*** MATERIAL PROVIDED
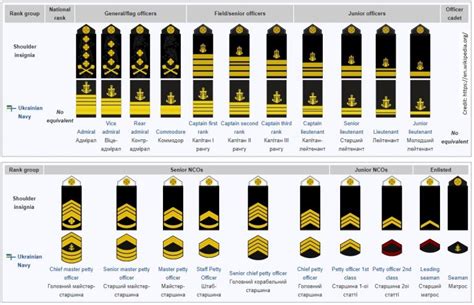 Naval ranks: RCN, NATO and allied partners – Canadian Naval Review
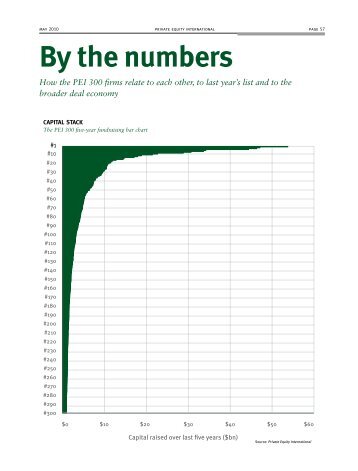 By the numbers - PEI Media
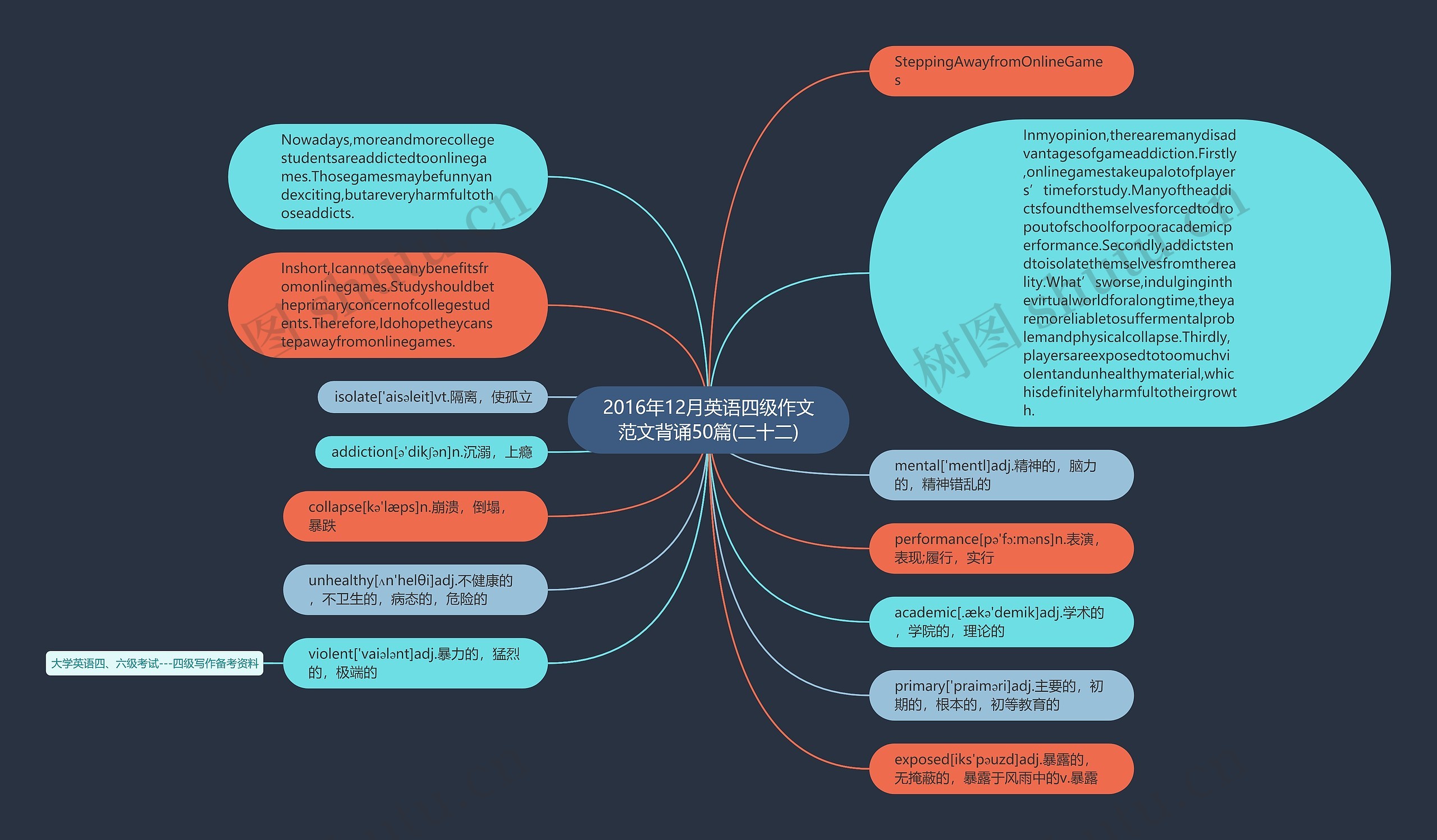2016年12月英语四级作文范文背诵50篇(二十二)思维导图
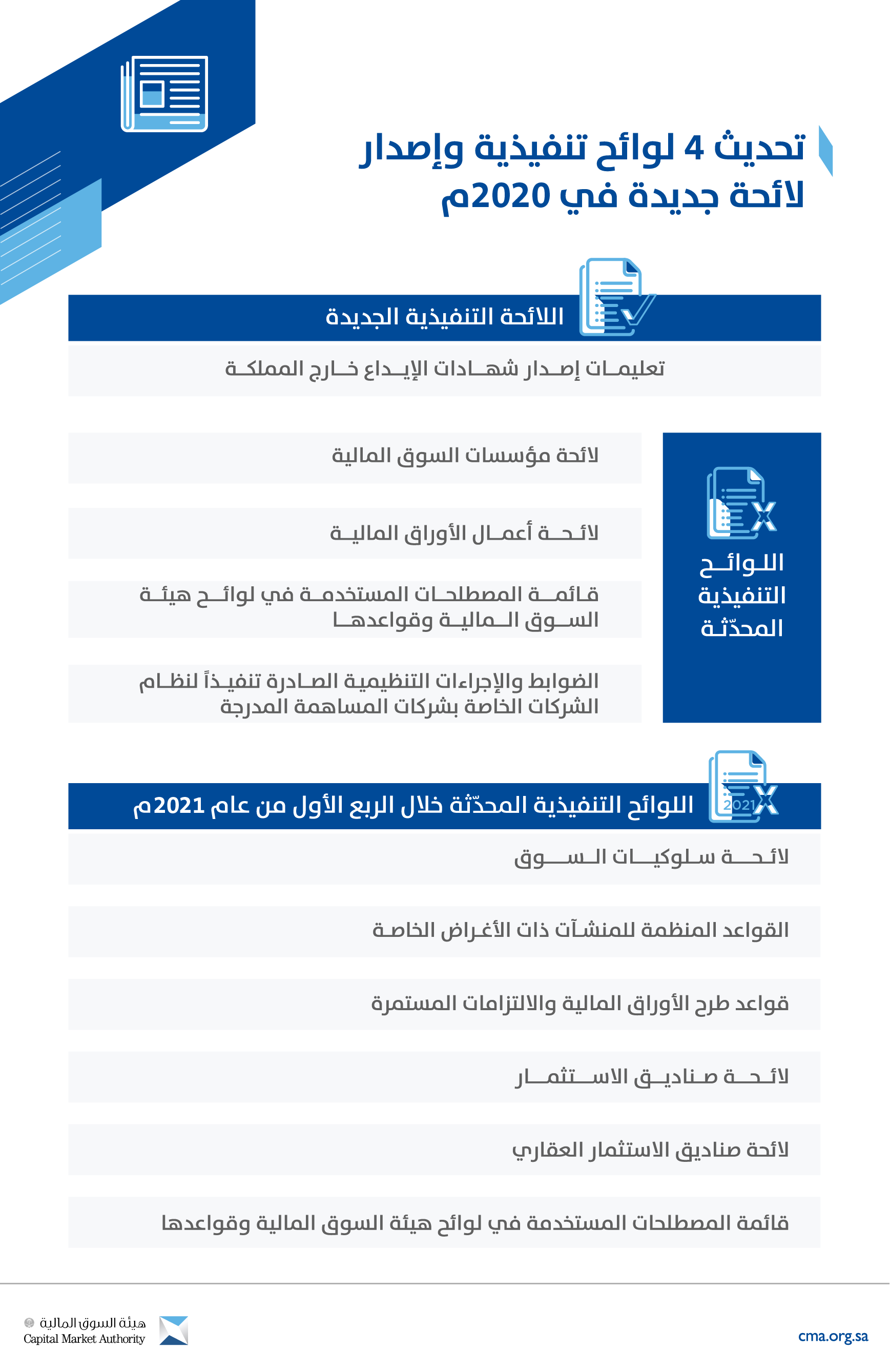 "هيئة السوق" تعتمد تحديث 5 لوائح تنفيذية في الربع الأول 2021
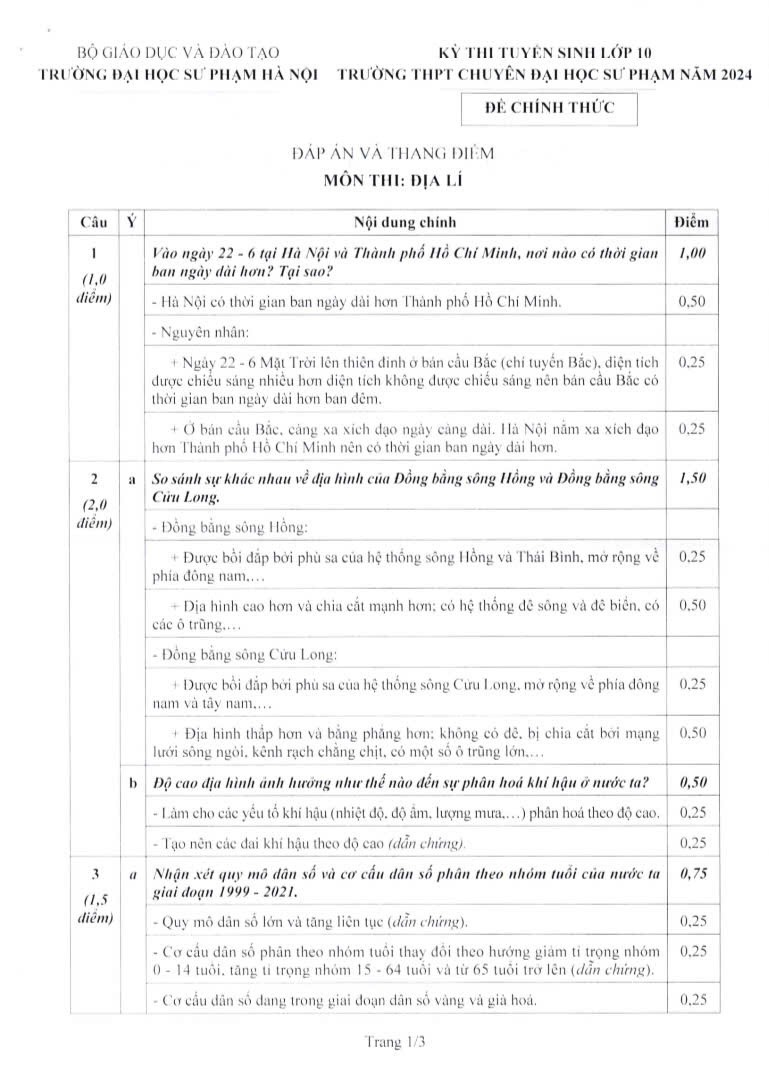 Đề thi vào 10 môn Địa trường THPT chuyên ĐHSP Hà Nội năm 2024,Đề thi vào 10 môn Địa lý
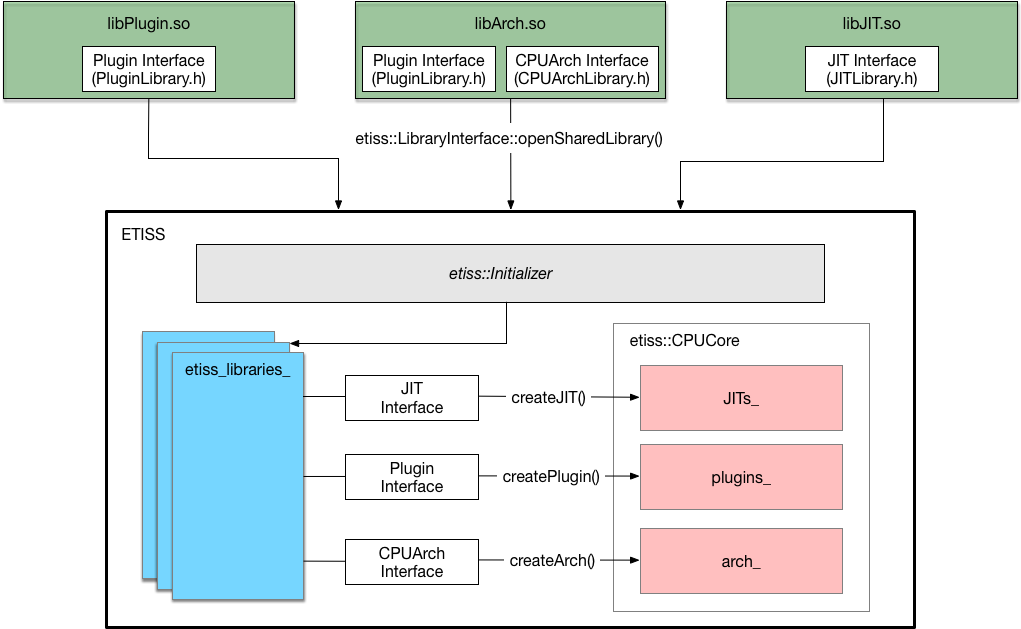 ETISS diagram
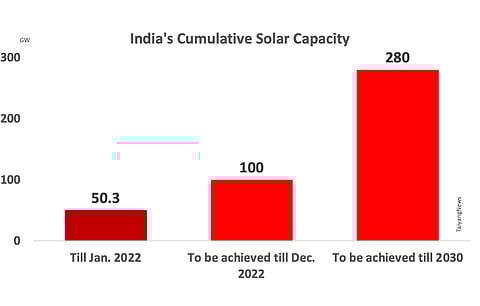 Indian solar capacity has reached the mid-point of its 100 GW by 2022 target, which seems unlikely to be met any time soon. Nonetheless, the government is making regulatory support available to ensure the market continues to expand.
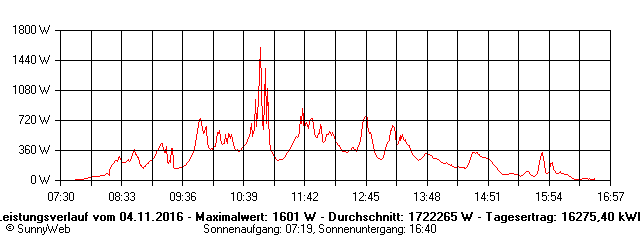 Grafik Tagesertrag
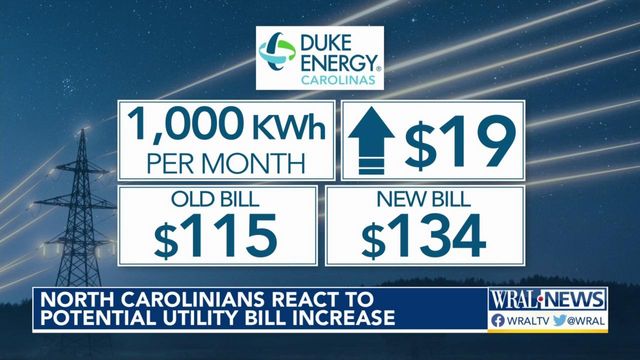 Higher utility bills could be on the way for North Carolinians 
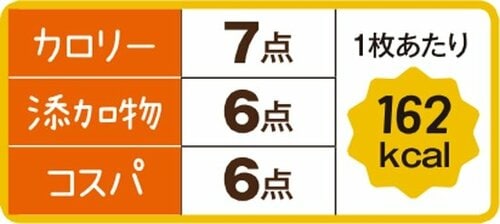 17位: ［総合54点］ファミマのもっちり食感はバターの後味が上品な甘み イメージ4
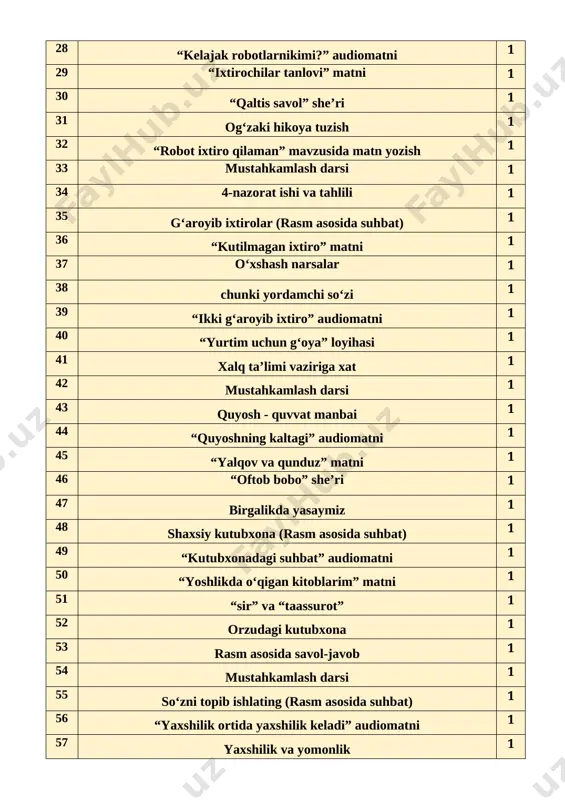iya: boʻgʻin koʻchirish va bosh harflar imlosiga rioya qiladi; soʻzlarga soʻroq berish orqali ularni turkumlarga ajratadi va nutqda toʻgʻri qoʻllay oladi darsning metodi: ogʻzaki (suhbat, savol-javob) darsning vositalari: oʻquv dasturi, dars rejasi, darslik, mashq daftari, “oʻqituvchi kitobi”, xattaxta, texnik jihozlar. shakl: jamoa,guruhda ishlash,hamma o’zi uchun. nazorat: o’quvchilarning darsda faolligi kuzatilib,hisobga olib boriladi. baholash: o’quvchilar bilimi reyting mezonlari asosida baholanib,dars oxirida e’lon qilinadi. darsning borishi: t/r bo’limlar vaqti 1 tashkiliy qism 3 daqiqa 2 o`tgan mavzuni mustahkamlash 5 daqiqa 3 yangi mavzu bayoni 15 daqiqa 4 yangi mavzuni mustahkamlash 10 daqiqa 5 o`quvchilarni rag`batlantirish. darsni yakunlash. 10 daqiqa 6 uyga vazifa 2 daqiqa jami 45 daqiqa i.tashkiliy qism:salomlashish, yo’qlamaqilish, o’quvchilarni darsga tayyorgarliklarini tekshirish. ii. o`tgan mavzuni mustahkamlash: 1. o'quvchilar daftari ko'rib chiqiladi. 2. suhbat yordamida uy vazifasi qanday bajarilganligi aniqlanadi. iii.yangi mavzu bayoni: 1. katta bo‘lsangiz, kim bo‘lmoqchisiz? yozing [image: image1.png] men shifor bolmoqchiman. meni ham odamlarga yordamim tegishini xohlayman. shifokor …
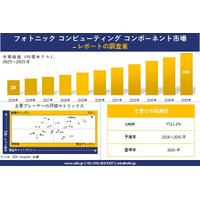 フォトニック コンピューティング コンポーネント市場調査レポート - 世界市場規模、シェア、傾向の見通し、2026-2035年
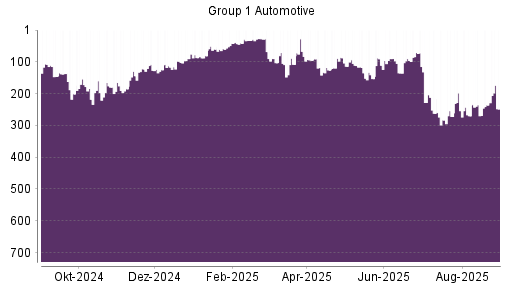 BOTSI®-Advisor Hochstufung GROUP 1 AUTOMOTIVE von Rang 51 auf Rang 44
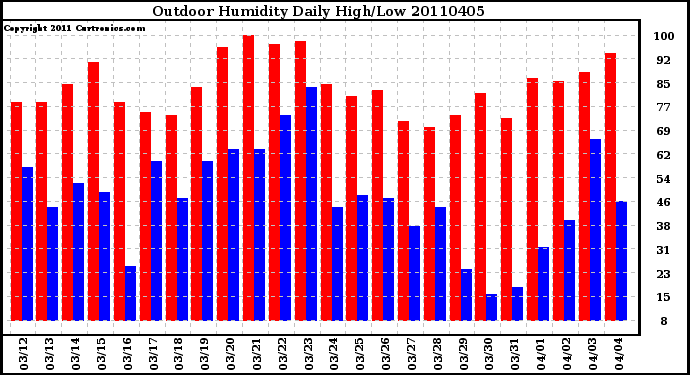 Milwaukee Weather Outdoor Humidity Daily High/Low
******
PROBLEM TO SOLVE:
Each line from the first line of the listing above through the line containing "17位: ［総合54点］ファミマのもっちり食感はバターの後味が上品な甘み イメージ4" is to be written out exactly, and the pictures are to be left out.

RESPONSE TO THE EXERCISE:
 Naval ranks: RCN, NATO and allied partners – Canadian Naval Review
 By the numbers - PEI Media
2016年12月英语四级作文范文背诵50篇(二十二)思维导图
 "هيئة السوق" تعتمد تحديث 5 لوائح تنفيذية في الربع الأول 2021
 Đề thi vào 10 môn Địa trường THPT chuyên ĐHSP Hà Nội năm 2024,Đề thi vào 10 môn Địa lý
 ETISS diagram
 Indian solar capacity has reached the mid-point of its 100 GW by 2022 target, which seems unlikely to be met any time soon. Nonetheless, the government is making regulatory support available to ensure the market continues to expand.
 Grafik Tagesertrag
 Higher utility bills could be on the way for North Carolinians 
 17位: ［総合54点］ファミマのもっちり食感はバターの後味が上品な甘み イメージ4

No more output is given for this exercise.